Short web captions:
=== Begin Enclosure ===

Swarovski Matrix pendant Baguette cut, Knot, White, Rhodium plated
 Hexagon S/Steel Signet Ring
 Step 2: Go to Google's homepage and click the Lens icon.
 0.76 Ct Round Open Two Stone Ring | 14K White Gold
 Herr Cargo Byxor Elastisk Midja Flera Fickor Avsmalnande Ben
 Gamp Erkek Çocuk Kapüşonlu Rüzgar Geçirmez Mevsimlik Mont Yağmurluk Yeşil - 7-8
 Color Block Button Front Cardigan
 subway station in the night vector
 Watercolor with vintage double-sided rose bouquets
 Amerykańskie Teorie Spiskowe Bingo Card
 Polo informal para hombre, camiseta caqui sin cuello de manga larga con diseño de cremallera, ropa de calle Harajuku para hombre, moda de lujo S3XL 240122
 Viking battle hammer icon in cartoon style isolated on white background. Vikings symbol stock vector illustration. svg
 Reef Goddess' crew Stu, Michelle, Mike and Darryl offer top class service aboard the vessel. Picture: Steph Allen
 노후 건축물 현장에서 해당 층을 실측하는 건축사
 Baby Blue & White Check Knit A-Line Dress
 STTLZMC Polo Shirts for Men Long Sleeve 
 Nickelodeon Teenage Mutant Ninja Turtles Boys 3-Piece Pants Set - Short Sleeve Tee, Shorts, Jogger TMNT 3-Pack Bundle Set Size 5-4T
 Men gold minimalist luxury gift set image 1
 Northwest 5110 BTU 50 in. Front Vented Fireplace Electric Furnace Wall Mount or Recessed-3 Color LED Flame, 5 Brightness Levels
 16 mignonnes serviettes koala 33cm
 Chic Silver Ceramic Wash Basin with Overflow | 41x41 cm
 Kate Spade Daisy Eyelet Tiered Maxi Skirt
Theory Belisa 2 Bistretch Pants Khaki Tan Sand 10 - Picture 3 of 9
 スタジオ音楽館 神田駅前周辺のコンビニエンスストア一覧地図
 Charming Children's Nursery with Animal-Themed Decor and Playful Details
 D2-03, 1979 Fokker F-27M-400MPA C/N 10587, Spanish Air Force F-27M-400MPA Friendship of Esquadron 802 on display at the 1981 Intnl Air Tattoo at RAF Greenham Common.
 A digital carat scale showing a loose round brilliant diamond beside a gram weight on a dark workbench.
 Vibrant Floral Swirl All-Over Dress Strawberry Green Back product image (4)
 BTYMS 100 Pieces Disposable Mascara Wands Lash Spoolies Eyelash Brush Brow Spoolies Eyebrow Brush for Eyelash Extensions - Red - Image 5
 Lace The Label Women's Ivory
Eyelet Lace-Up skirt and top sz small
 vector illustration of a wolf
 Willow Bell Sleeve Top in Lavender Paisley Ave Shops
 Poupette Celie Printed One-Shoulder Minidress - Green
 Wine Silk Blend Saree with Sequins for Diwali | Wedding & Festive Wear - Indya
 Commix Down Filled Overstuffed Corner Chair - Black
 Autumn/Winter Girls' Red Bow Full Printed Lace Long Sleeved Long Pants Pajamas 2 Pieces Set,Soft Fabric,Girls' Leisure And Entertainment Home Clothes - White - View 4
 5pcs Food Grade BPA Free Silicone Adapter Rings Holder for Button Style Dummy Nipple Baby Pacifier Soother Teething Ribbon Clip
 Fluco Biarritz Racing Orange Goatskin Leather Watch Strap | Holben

=== End Enclosure ===

Which of the lines above hold the string "Long"? Pick each of them out.

 STTLZMC Polo Shirts for Men Long Sleeve 
 Autumn/Winter Girls' Red Bow Full Printed Lace Long Sleeved Long Pants Pajamas 2 Pieces Set,Soft Fabric,Girls' Leisure And Entertainment Home Clothes - White - View 4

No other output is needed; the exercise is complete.